Gaya Hidup Hiburan Internasional Kab. Madiun Kota Madiun Magetan Nasional Ngawi Olahraga Pacitan Ponorogo

Bermodal 10 Meter Kain, Batik Binaan BRI Ini Tembus Pasar Internasional

Hengky Ristanto • Jumat, 19 Desember 2025 | 02:16 WIB
Rita Nova Omala menunjukkan salah satu produk Batik Canting Asasi, UMKM binaan BRI asal Padang Panjang yang berkembang dari modal 10 meter kain hingga menembus pasar internasional.
Rita Nova Omala menunjukkan salah satu produk Batik Canting Asasi, UMKM binaan BRI asal Padang Panjang yang berkembang dari modal 10 meter kain hingga menembus pasar internasional.

Jawa Pos Radar Madiun – Pandemi Covid-19 yang sempat melumpuhkan aktivitas ekonomi justru menjadi titik balik bagi Rita Nova Omala, pengrajin batik asal Padang Panjang, Sumatera Barat.

Dari keterbatasan itu, lahirlah Batik Canting Asasi, UMKM batik khas daerah yang kini berhasil menembus pasar nasional hingga mancanegara.

Rita memulai usaha Batik Canting Asasi pada November 2021 dengan modal sangat terbatas.

Ia hanya memiliki kain sepanjang 10 meter yang kemudian diolah menjadi tiga potong pakaian.

Hasil penjualan diputar kembali sebagai modal produksi berikutnya.

Perkembangan usahanya tak lepas dari pendampingan PT Bank Rakyat Indonesia (Persero) Tbk melalui Rumah BUMN BRI Padang Panjang.

Dukungan diberikan mulai dari pelatihan, pendampingan usaha, promosi digital, hingga fasilitasi perluasan pasar.

Nama Batik Canting Asasi terinspirasi dari Masjid Asasi, masjid tertua di Padang Panjang yang berada di Kelurahan Sigando, lokasi tempat tinggal Rita.
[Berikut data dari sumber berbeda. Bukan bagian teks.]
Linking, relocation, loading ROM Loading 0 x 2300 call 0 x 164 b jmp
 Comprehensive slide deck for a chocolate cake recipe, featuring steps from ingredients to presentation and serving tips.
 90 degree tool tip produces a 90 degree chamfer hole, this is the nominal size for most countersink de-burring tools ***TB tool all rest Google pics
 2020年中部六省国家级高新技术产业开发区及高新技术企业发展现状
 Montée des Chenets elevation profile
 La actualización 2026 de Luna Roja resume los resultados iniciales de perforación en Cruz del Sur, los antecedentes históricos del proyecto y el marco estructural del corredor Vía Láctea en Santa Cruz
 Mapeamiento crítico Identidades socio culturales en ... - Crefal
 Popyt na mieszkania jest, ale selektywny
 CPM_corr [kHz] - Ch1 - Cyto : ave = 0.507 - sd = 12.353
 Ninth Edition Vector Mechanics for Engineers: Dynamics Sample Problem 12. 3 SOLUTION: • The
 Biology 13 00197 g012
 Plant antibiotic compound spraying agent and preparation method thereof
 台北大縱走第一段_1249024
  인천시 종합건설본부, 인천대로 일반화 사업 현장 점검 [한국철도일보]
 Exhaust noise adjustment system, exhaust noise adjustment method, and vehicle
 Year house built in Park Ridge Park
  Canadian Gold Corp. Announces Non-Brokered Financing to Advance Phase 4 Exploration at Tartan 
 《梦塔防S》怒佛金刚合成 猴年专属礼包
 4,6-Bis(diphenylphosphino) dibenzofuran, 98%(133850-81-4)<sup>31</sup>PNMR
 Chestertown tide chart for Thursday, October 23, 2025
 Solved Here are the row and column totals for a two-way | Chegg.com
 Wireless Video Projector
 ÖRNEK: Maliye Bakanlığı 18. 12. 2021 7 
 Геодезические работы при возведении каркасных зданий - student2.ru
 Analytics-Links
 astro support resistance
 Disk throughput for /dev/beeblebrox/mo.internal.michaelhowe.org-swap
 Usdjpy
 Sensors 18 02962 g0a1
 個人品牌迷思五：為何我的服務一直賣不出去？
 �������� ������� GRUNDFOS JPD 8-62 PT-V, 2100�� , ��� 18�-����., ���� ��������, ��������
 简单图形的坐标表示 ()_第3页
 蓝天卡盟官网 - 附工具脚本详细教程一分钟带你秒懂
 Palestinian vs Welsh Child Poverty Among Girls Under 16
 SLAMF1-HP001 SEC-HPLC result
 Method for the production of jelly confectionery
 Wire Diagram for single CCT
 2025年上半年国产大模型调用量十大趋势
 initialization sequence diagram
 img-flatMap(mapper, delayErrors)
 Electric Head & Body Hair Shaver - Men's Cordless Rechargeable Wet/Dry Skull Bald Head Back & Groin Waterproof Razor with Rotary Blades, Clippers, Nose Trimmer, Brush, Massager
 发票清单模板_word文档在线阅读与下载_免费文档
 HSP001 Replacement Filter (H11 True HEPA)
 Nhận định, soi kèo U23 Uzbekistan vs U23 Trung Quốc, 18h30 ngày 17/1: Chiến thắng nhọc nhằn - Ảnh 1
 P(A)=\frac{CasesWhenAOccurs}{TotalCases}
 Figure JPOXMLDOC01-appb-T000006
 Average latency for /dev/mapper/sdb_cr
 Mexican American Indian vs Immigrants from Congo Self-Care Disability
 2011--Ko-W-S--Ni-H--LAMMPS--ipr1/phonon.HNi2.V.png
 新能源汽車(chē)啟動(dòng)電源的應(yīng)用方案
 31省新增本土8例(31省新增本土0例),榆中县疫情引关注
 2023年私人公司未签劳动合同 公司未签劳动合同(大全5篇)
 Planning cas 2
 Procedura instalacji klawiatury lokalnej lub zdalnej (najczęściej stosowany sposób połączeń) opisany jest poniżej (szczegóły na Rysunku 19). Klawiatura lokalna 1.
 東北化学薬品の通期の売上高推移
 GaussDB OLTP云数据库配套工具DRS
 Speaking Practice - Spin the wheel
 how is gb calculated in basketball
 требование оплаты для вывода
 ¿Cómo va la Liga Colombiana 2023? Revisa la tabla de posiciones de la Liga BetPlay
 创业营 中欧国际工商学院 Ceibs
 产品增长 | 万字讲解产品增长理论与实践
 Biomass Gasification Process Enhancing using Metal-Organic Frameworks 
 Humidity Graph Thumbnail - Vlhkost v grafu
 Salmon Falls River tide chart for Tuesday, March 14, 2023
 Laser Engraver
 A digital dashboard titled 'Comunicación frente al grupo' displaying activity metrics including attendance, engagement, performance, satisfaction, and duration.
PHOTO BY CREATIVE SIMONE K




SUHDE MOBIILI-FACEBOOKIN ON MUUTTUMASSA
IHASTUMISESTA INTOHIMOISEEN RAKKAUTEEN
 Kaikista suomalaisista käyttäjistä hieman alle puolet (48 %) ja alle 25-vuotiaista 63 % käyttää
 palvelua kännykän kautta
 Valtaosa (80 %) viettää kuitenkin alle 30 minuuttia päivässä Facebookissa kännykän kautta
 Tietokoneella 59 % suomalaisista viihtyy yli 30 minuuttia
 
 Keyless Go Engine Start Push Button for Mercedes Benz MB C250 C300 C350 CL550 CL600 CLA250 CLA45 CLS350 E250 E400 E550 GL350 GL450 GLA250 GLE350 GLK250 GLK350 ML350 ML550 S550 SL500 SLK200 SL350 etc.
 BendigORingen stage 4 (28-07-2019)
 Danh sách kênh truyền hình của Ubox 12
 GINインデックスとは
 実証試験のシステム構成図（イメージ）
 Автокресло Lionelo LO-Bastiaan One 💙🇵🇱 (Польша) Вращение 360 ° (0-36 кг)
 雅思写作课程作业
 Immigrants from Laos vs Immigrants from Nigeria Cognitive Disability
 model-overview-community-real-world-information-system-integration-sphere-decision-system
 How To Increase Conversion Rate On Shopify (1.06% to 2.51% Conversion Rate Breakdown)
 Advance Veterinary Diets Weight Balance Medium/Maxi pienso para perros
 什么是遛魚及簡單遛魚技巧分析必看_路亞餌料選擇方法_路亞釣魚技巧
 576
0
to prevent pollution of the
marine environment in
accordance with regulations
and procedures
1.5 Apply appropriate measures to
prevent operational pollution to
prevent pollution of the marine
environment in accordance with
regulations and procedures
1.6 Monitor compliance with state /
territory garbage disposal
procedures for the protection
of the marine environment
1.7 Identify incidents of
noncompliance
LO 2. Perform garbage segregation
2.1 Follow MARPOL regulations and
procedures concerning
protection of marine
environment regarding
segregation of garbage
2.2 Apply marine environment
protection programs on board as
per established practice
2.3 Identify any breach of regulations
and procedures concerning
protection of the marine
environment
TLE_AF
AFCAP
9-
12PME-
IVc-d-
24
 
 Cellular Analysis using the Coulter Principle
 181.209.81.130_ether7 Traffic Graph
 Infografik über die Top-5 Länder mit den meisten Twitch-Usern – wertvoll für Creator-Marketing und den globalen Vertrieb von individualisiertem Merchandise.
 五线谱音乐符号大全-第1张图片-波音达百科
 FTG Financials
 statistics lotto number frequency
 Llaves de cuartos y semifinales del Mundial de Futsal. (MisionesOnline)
Nilai sejarah dan religiusitas masjid tersebut menjadi filosofi utama dalam desain batik yang dihasilkan.

“Kami memakai pewarna alami yang lembut dan klasik. Kami memanfaatkan limbah seperti kulit jengkol dan biji pinang untuk bahan pewarna. Hasilnya lebih ramah lingkungan dan warnanya lebih awet,” jelas Rita.

Saat ini Batik Canting Asasi memiliki sejumlah motif unggulan, di antaranya Asasi, Barara, dan Panen.

Motif Asasi menjadi yang paling diminati karena merepresentasikan nilai budaya dan religi masyarakat setempat.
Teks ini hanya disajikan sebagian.